Eventually the 10 minutes are up and we are offered to get out of there however we can and get into the shower. I have never been so eager to take a shower so I get out as fast as I can and try to rid myself of all the moss and ashes.
Next up is the spring water Jacuzzi bath filled with bath salts. This feels like entering paradise. The water is warm, the bubbles big and we get given citrus water to sip on.
The bubbles are produced by a hose stuck under your butt and the bath is just a regular stand alone bath.
I completely drift away and relax completely. Curiously, these 10 minutes go much faster than the ones in the mud bath.
To finish off our smoothing treatment we get into the steam bath where we can stay for as long as we like. It seems that this place struggles with cover-ups so the towel that we get to cover our dignity is so tiny that I can barely cover everything that shouldn’t be exposed. When I sit down I am almost sitting straight onto the hot tiles. The steam bath is just what you would expect. We sip some more citrus water and we don’t last very long, Isa’s tolerance is low.

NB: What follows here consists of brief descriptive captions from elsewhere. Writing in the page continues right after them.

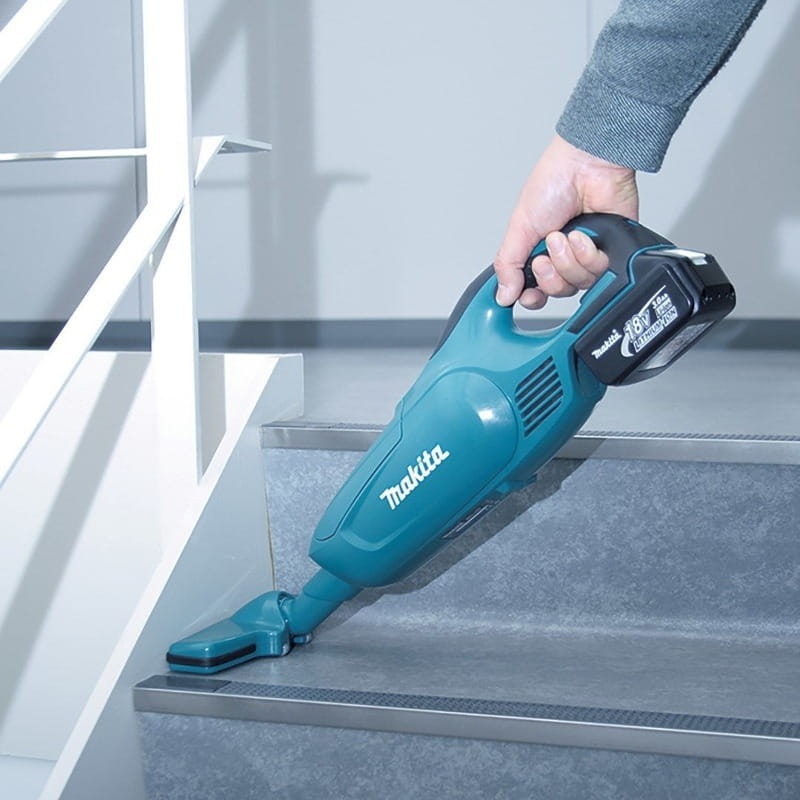 Аккумуляторный пылесос Makita CL107FDZ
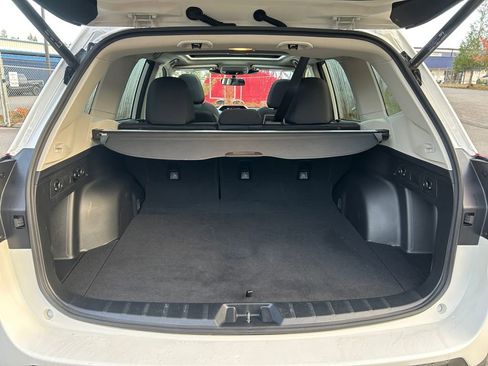 Used 2024 Subaru Forester Premium image 24
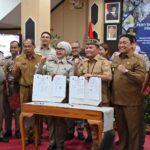 Gubernur Kalimantan Tengah Agustiar Sabran didampingi Wakil Gubernur Kalimantan Tengah Edy Pratowo berfoto bersama usai penandatanganan Nota Kesepahaman antara Pemerintah Provinsi Kalimantan Tengah dan Kantor Wilayah Badan Pertanahan Nasional Provinsi Kalimantan Tengah pada Rapat Koordinasi Awal Gugus Tugas Reforma Agraria (GTRA) Provinsi Kalimantan Tengah Tahun 2026. (foto : Ist)
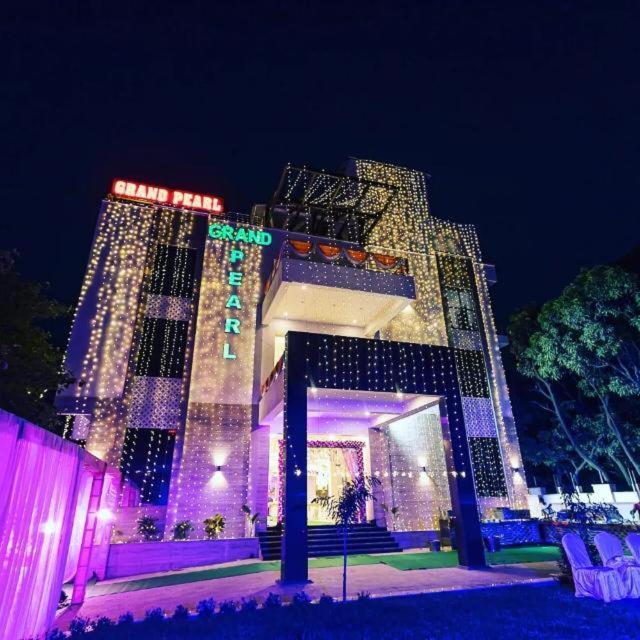 Grand Pearl Hotel & Banquet Lucknow Eksteriør billede
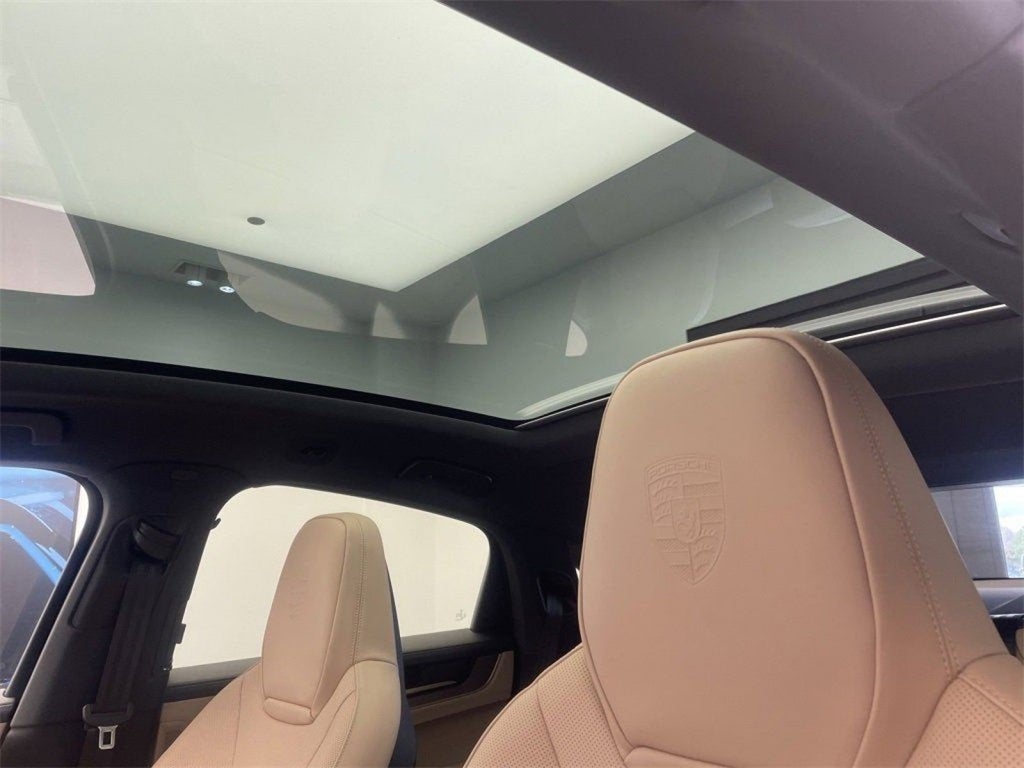 2025 Porsche Cayenne Base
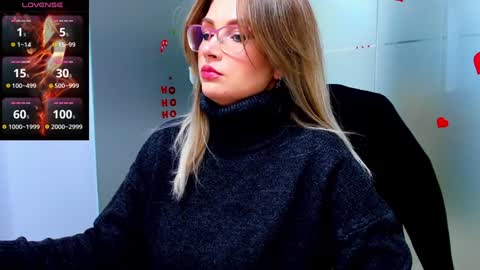 Snapshot of evelyne_rose chatting on 12/28/24, 05:55 evelyne_rose online show from 12/28/24, 05:55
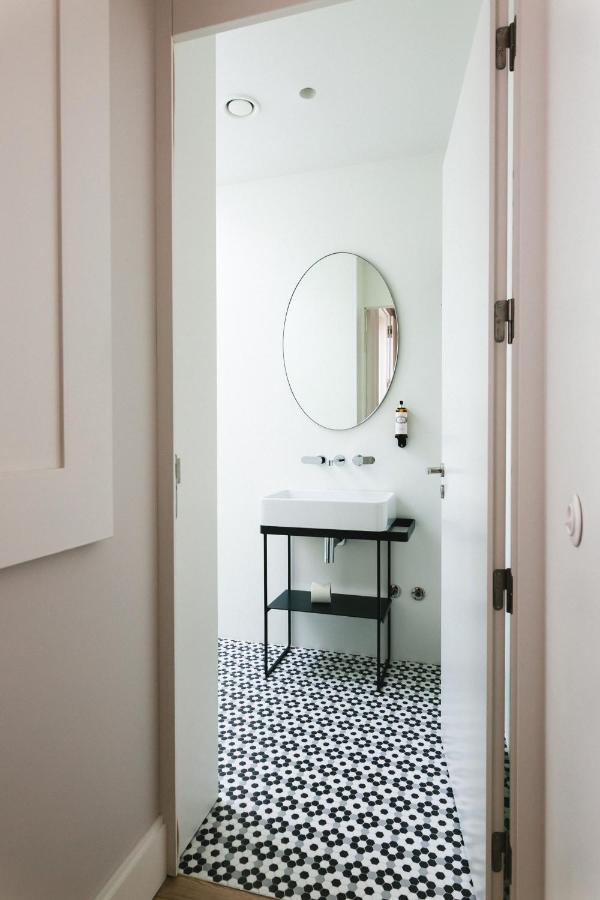 One-Bedroom Apartment Convent View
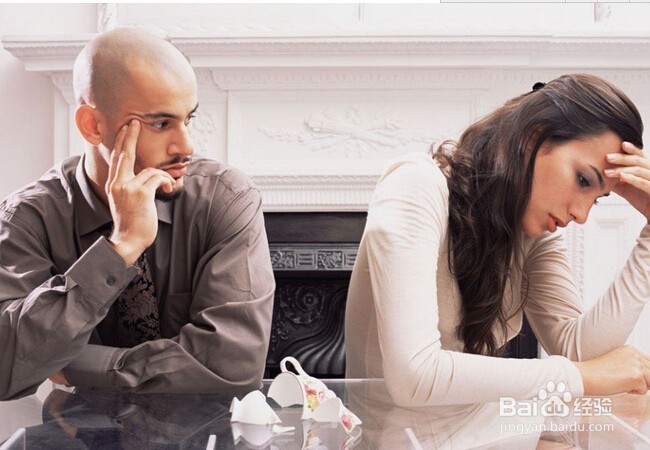 老公不离婚也不回家怎么办?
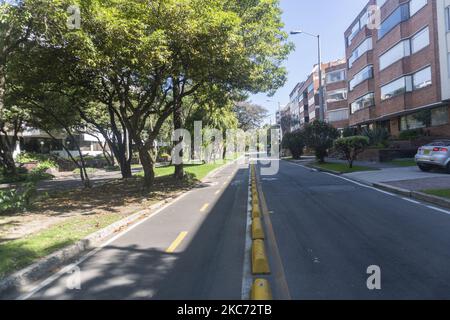 The streets of Bogota alone on the first day of strict quarantine decreed due to high contagion that has been registered in recent weeks by covid 19 in the city of Bogota in the towns of Suba, Engativa and Usaquen. (Photo by Daniel Garzon Herazo/NurPhoto) Stock Photo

I have got used to the heat of tropical countries and I am taken back to my 5 years in Dubai and the crazy summers we used to have which felt exactly like being in a steam bath.
The last step involves some good old relaxation. We go back outside of the main room into a quiet area and lay down on a bed to get wrapped into clean warm sheets as if we were mummies. The cucumber slices make an appearance again and I am reminded that I should have taken them when in the mud because although I hate cucumber, the smells is refreshing and soothing. Theoretically, we are supposed to rest there for 15-20min for our bodies to recover the normal temperature before our massage but I stay there for over half an hour. At some point I wonder if they forgot about me. I drift of and snooze a bit when the nice lady finally comes to get me.
If you do not book a massage your treatment is over after that but since we had a one hour massage we moved into the massage rooms. I have to admit that my massage was mediocre. It was supposed to be a Swedish massage, that is the only option, but it felt as if I was simply being stroked. Isa’s however, was apparently the best she’s ever had so I guess the jury is still out.
After all this and considering my 30h flying ahead I decide it is a good idea to have a proper shower and wash my hair off. There is a small vanity room with a hair drier and hair spray but no face moisturizer only body lotion so I am forced to slather some on my face for lack of a better option. Isa has confused the hair spray with deodorant, which is also missing, go figure. Apparently the most important aspect is to have a shiny perfect hair, the rest is unimportant. It seems that my priorities are the opposite of the majority.
I check my phone and realize we have been there for 3 hours total. Isa has been waiting for a good 20-30 minutes because I was relaxing in my cocoon for longer than expected.
Despite having showered, the massage oil, which smelled of lavender, is still stuck on my skin and it will remain there for two days, even after multiple showers; quite remarkable.
I must admit that my skin was in fact smooth, as smooth as I have ever seen it after any treatment and for a few days after the visit.
Would I do it again?
Hell no! The feeling of steaming up in a mud bath full of cow poo is terribly unappealing.
I am glad that I did it once, for the adventure and the fun, and because we got a huge dose of happiness and joy giggling and laughing at ourselves.